Ruth has had triplets before (the last two years), but not quints. Leah, her 1/2 sister had quints though.  
I didn’t breed Leah this year, thought she’d enjoy a year off.


----------



## Goat Whisperer (Dec 3, 2018)

Lucy looks to be in early labor!


----------



## Jubillee (Dec 22, 2017)

Wow look at those girls! So big! Waiting for kid pics!


----------



## GoofyGoat (Sep 21, 2018)

Happy kidding! Can't wait for baby pics!


----------



## Dwarf Dad (Aug 27, 2017)

It's Friday..... Where's the baby pics? Ha, ha.


----------



## toth boer goats (Jul 20, 2008)

Happy kidding.


----------



## Goat Whisperer (Dec 3, 2018)

Lucy kidded triplets! 2 does 1 buck! 
It was a long labor, one tiny itty bitty doe, then a big doeling. Then an absolutely gorgeous buckling! I love him, he’s so solid and uphill already. Super long rump. I’m excited! Watching these kids unfold will be fun. Just gave them their bottles and they’re content. Lucy is doing great is getting her nice personality.


----------



## Dwarf Dad (Aug 27, 2017)

Congratulations!


----------



## wifeof1 (Mar 18, 2016)

Pictures or it didn't happen.


----------



## Goat Whisperer (Dec 3, 2018)

LOL I'm working on it! They are so darn adorable. Those newborn kisses! :inlove::inlove::inlove::inlove::inlove::inlove:

I need to go out and milk. Already milked Lucy once and will do her again tonight, then early in the morning. The munchkins ate again but I know they'll be up again soon. Gonna be a long night!


----------



## Goat Whisperer (Dec 3, 2018)

Oh, Lucy still looks huge LOL She looks like she could drop twins any time. I guess she's a little "fluffy" LOL :hide:


----------



## GoofyGoat (Sep 21, 2018)

Congratulations on your triplets
,


----------



## toth boer goats (Jul 20, 2008)

Congrats.


----------



## Goat Whisperer (Dec 3, 2018)

Thanks!

I have had the hardest time getting pics! They slept through the night last night, which was nice. 
They know I'm their "momma" LOL They just snuggle in if I pick them up. If someone else picks them up they scream LOL

I'm in love the the tiny doeling. She is so darn adorable! I have never had a kid her size, eat as much as she does! She was less than 2#, but eats as much as a 4# kid. 
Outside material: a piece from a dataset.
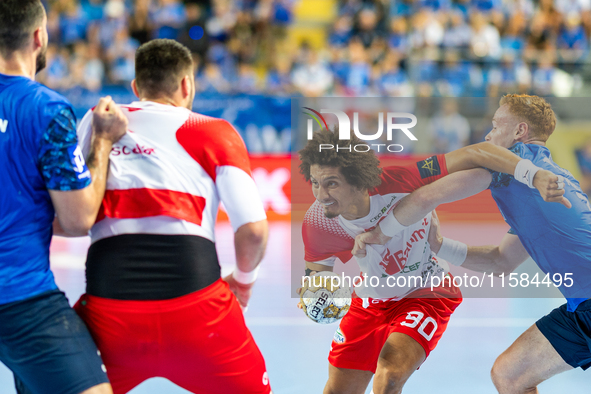 Ali Ismail Mohamed Zeinelabedin Ali  during the match EHF Champions League Men match between  Orlen Wisla Plock and Dinamo Bucuresti in Ploc...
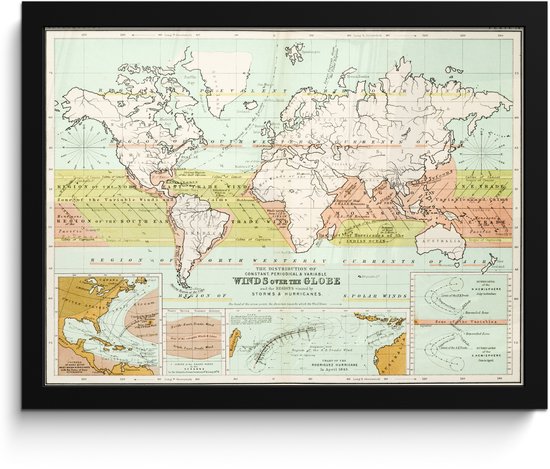 Carte du monde encadrée de noir avec des motifs de vent mondiaux.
This is one of the does. She is just stunning, everything lines up juuuuussstttt right. Super long, flat rump and a really long body. It's gonna be fun watching her grow! All the kids are really nice so far. I need to get some better pics!


----------



## toth boer goats (Jul 20, 2008)

Adorable.


----------



## Dwarf Dad (Aug 27, 2017)

Pretty babies!


----------



## wifeof1 (Mar 18, 2016)

Cute lil kids.


----------



## cristina-sorina (May 4, 2018)

They are so cute!!


----------



## Krystal olsen (Jan 28, 2019)

Omgoodness they are so adorable!!!! Congrats!!!!


----------



## OpieDoodle (Nov 15, 2015)

Awe they're gorgeous!! Congrats!!


----------



## SonRise Acres (Apr 24, 2018)

They are sooooo cute. Oh my!


----------



## Goat Whisperer (Dec 3, 2018)

Thank you everyone! They are so sweet. It's been a few months since I've bottle fed anything- so of course I'm in love all over again LOL

Lemon Chiffon is in the kidding stall, she's thinking about kidding but is taking her sweet time. I don't have any current pics of her, but she looks to be carrying a single, possibly twins.
Pic is of her as a dry yearling, she is a 2nd freshening (almost) two year old.


----------



## toth boer goats (Jul 20, 2008)

Very nice.


----------



## Goat Whisperer (Dec 3, 2018)

Well, she didn’t kid yesterday! She’s gonna make me crazy. I really like it when the goats just kid on day 145. Lol

We’ll see what today brings.


----------



## Goat Whisperer (Dec 3, 2018)

Lemon kidded! (woot)

Twin bucks 
They are huge! Need to weigh them, scale batteries died, but they are big boys. Lemon’s doing well. The boys both took down 4 oz each (which is a lot for one of our minutes old Nigerians kids!) They are very robust, the one was trying to jump out of the basket I had him in while Iwas milking his dam. While I’d rather have does, I’m thankful for a healthy dam and kids! These bucks will be wethered and sold for meat of pets. If anyone here wants some bottle raised wethers, let me know LOL


----------



## Goat Whisperer (Dec 3, 2018)

Got some scale batteries, the two bucklings weigh 4 & 4.1lbs. They took another 4oz of milk/colostrum. 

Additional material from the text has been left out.